(Exercise data)

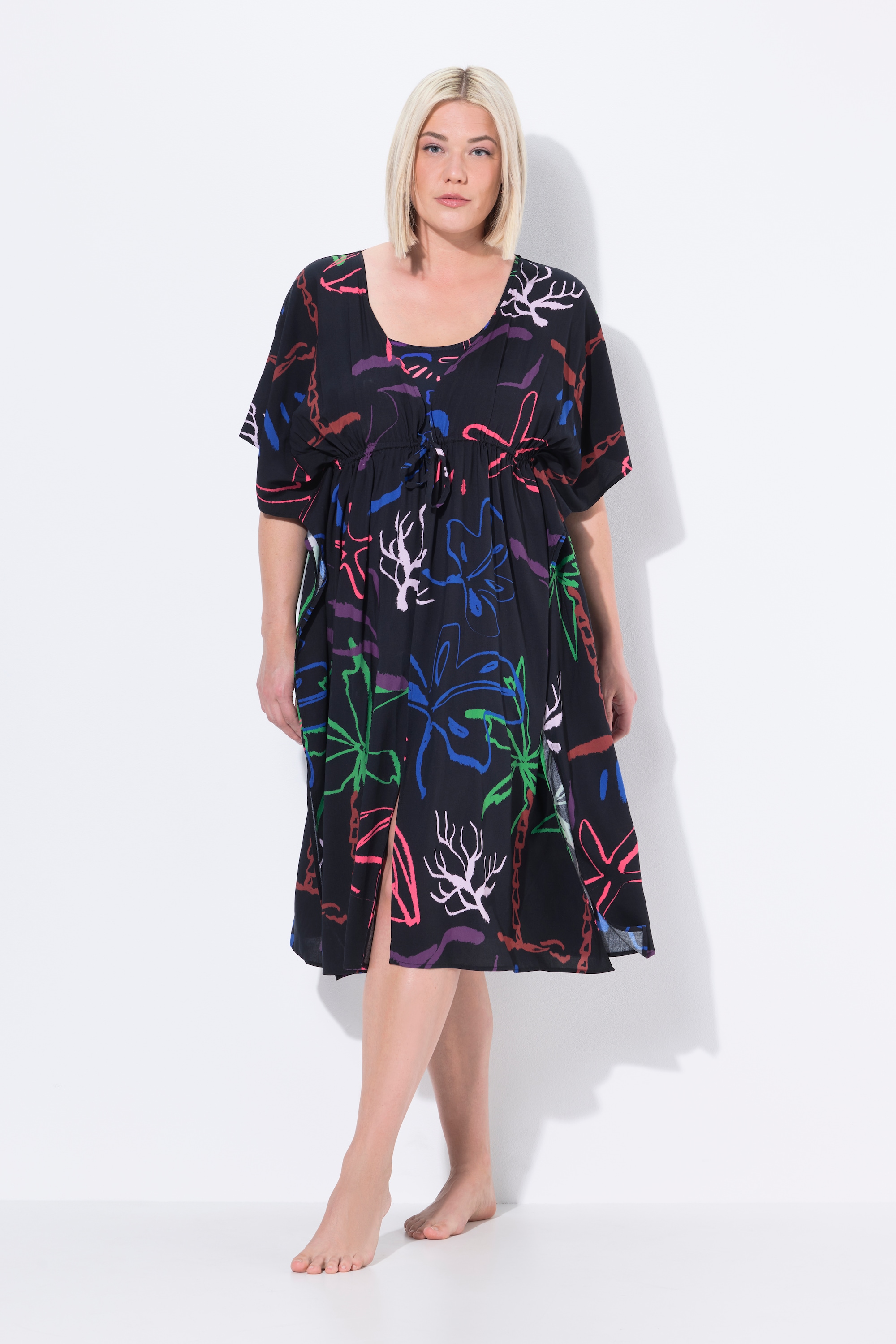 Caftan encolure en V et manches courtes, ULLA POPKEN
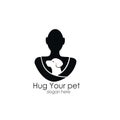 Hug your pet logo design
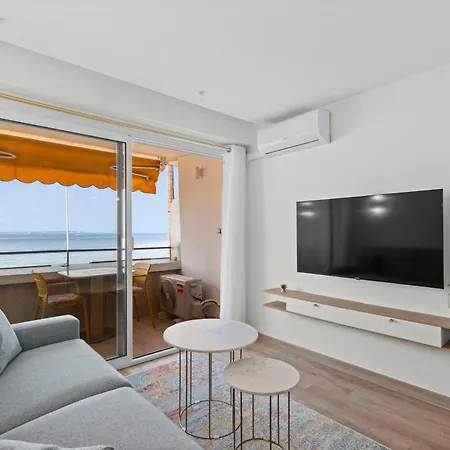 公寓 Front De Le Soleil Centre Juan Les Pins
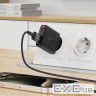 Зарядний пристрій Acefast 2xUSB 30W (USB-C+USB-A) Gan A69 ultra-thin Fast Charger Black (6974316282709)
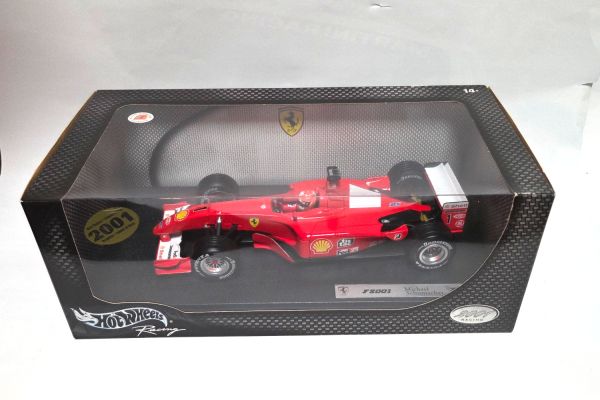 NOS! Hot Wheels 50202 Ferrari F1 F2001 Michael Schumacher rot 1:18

==

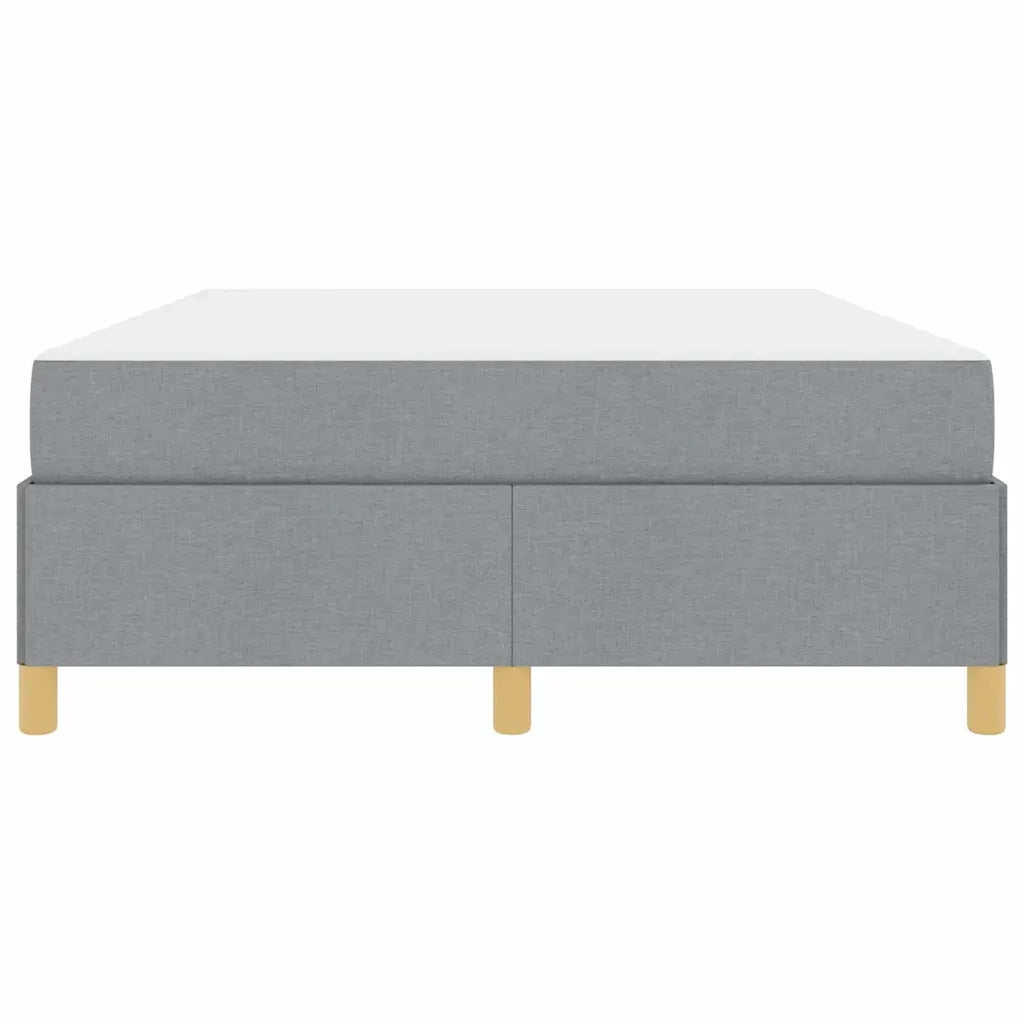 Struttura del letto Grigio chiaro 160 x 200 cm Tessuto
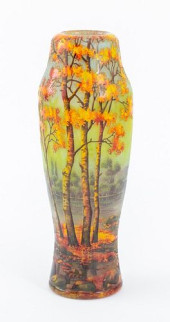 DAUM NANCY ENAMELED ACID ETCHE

--

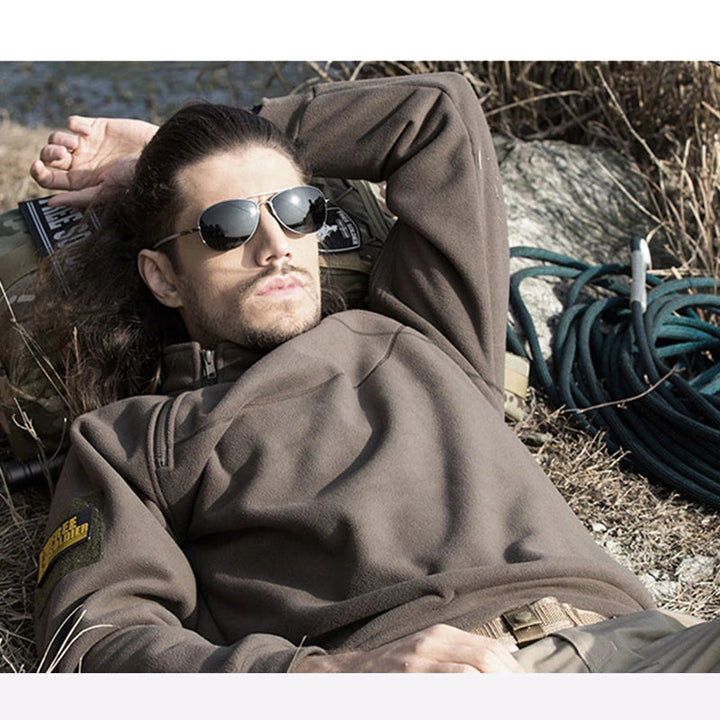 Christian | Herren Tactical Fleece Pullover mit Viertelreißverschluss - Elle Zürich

(Task statement) Print, word for word, the lines above that run from the line containing "Зарядний пристрій Acefast" to the line containing "NOS! Hot Wheels", both included. Keep the pictures out.

(Exercise output)
 Зарядний пристрій Acefast 2xUSB 30W (USB-C+USB-A) Gan A69 ultra-thin Fast Charger Black (6974316282709)
 NOS! Hot Wheels 50202 Ferrari F1 F2001 Michael Schumacher rot 1:18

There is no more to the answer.